Dalam permohonannya, Pemohon perkara 25/PUU-V/2007 tersebut meminta agar MK memutuskan bahwa Pasal 2 ayat (3) huruf b UU Parpol yang berbunyi âPartai Politik sebagaimana dimaksud pada ayat (1) harus didaftarkan pada Departemen Kehakiman dengan syarat: b. mempunyai kepengurusan sekurang-kurangnya 50% (lima puluh persen)dari jumlah provinsi, 50% (lima puluh persen) dari jumlah kabupaten/kota pada setiap provinsi yang bersangkutan, dan 25% (dua puluh lima persen) dari jumlah kecamatan pada setiap kabupaten/kota yang bersangkutanâ bertentangan dengan Undang-Undang Dasar 1945 dan tidak mempunyai kekuatan hukum mengikat.
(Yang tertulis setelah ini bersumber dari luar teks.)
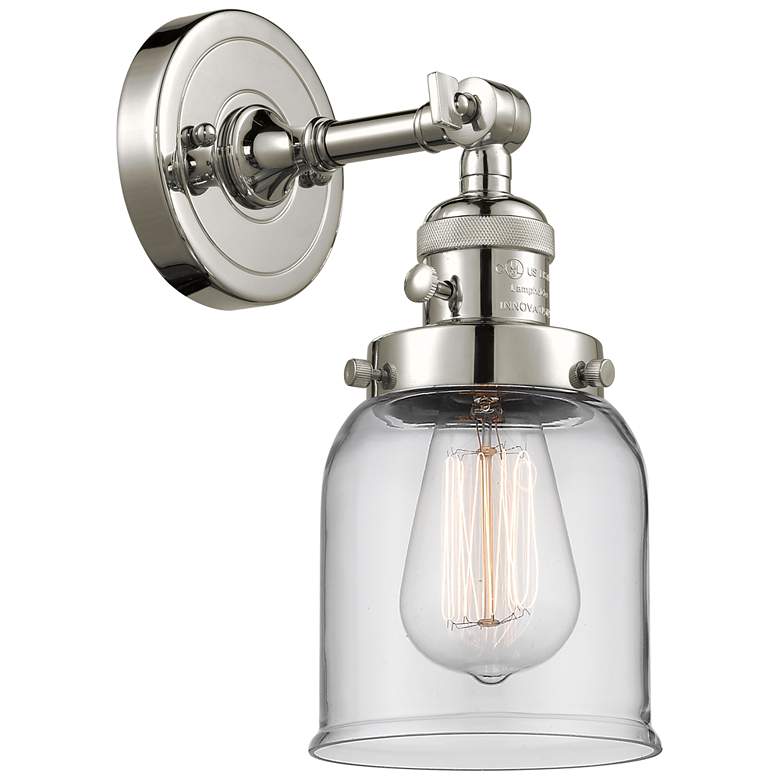 Image 1 Bell 5" Polished Nickel Sconce w/ Clear Shade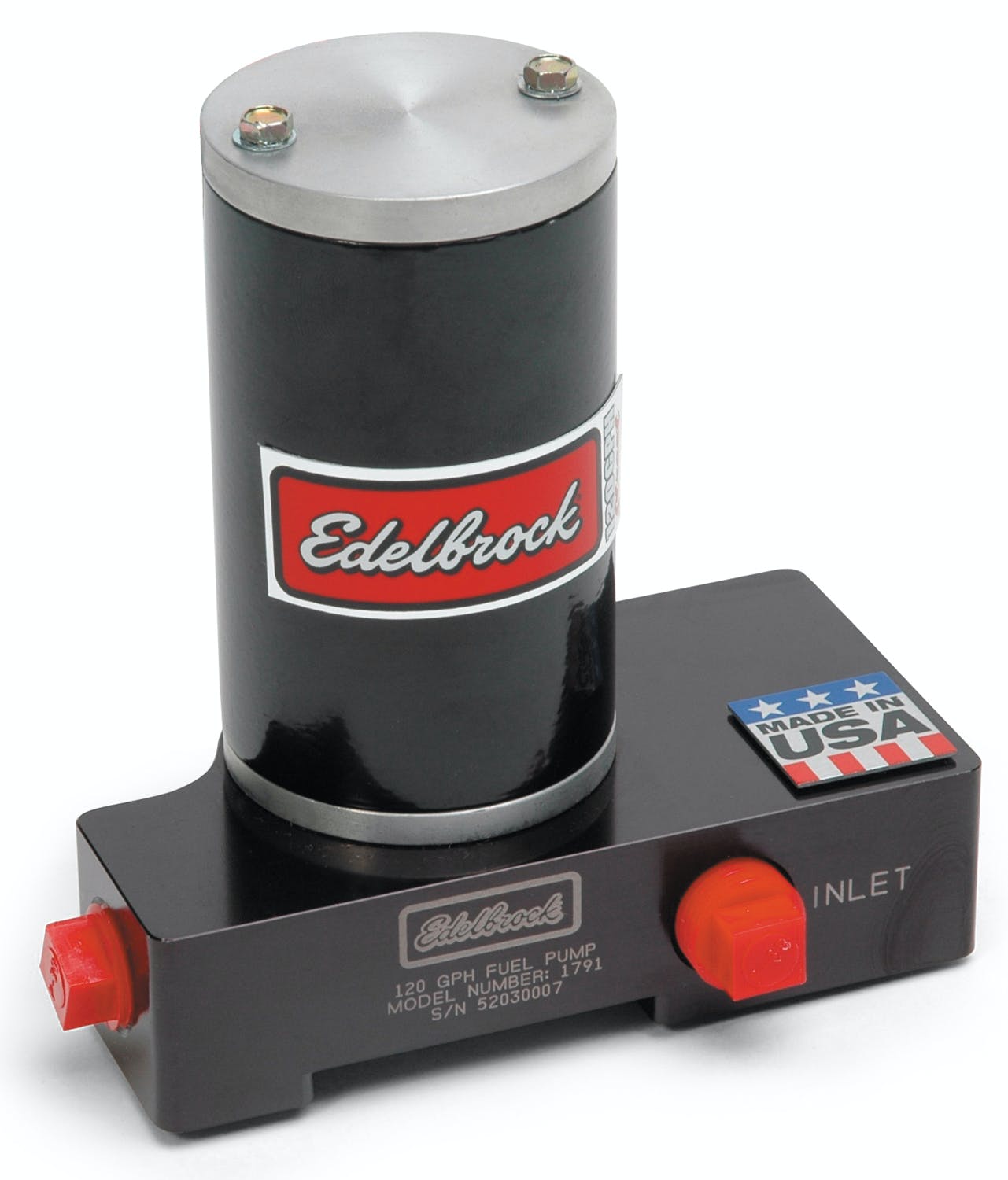 Edelbrock 1791 Quiet-Flo In-Line Black Electric Fuel Pump - 120 GPH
Menurut Pemohon, persyaratan yang tercantum dalam pasal tersebut menghalangi pembentukan partai politik lokal. Padahal tujuan utama partai politik lokal seperti PARTI adalah memberikan pendidikan politk bagi kader-kadernya di daerah. Pemohon juga menyatakan bahwa keberadaan Partai Politik untuk ikut mengajukan calon pasangan Gubernur/Wakil Gubernur, Bupati/Wakil Bupati, dan Walikota/Wakil Walikota seperti yang diterapkan di Provinsi Nanggroe Aceh Darussalam (NAD) seharusnya diterapkan juga di provinsi-provinsi lainnya. Hal ini dilakukan untuk menghindari adanya dualisme dalam melaksanakan ketentuan yang terdapat pada Pasal 18 ayat (4) UUD 1945. Jika tidak maka dianggap telah melanggar hak warga negara yang dijamin oleh Pasal 28D ayat (1) dan ayat (3) UUD 1945.
Selain itu, Pemohon meminta agar MK menyatakan bahwa eksistensi keberadaan partai politik lokal diberlakukan di seluruh wilayah Negara Kesatuan Republik Indonesia tanpa terkecuali. Menanggapi hal tersebut, Panel Hakim mengatakan bahwa MK tidak dapat memerintahkan agar Partai politik lokal diberlakukan di seluruh wilayah Indonesia.
Menanggapi hal tersebut, Panel Hakim menyarankan agar Pemohon sebaiknya melakukan legislative review ke DPR, serta memiberikan kesempatan perbaikan permohonan. (Mastiur A.P.)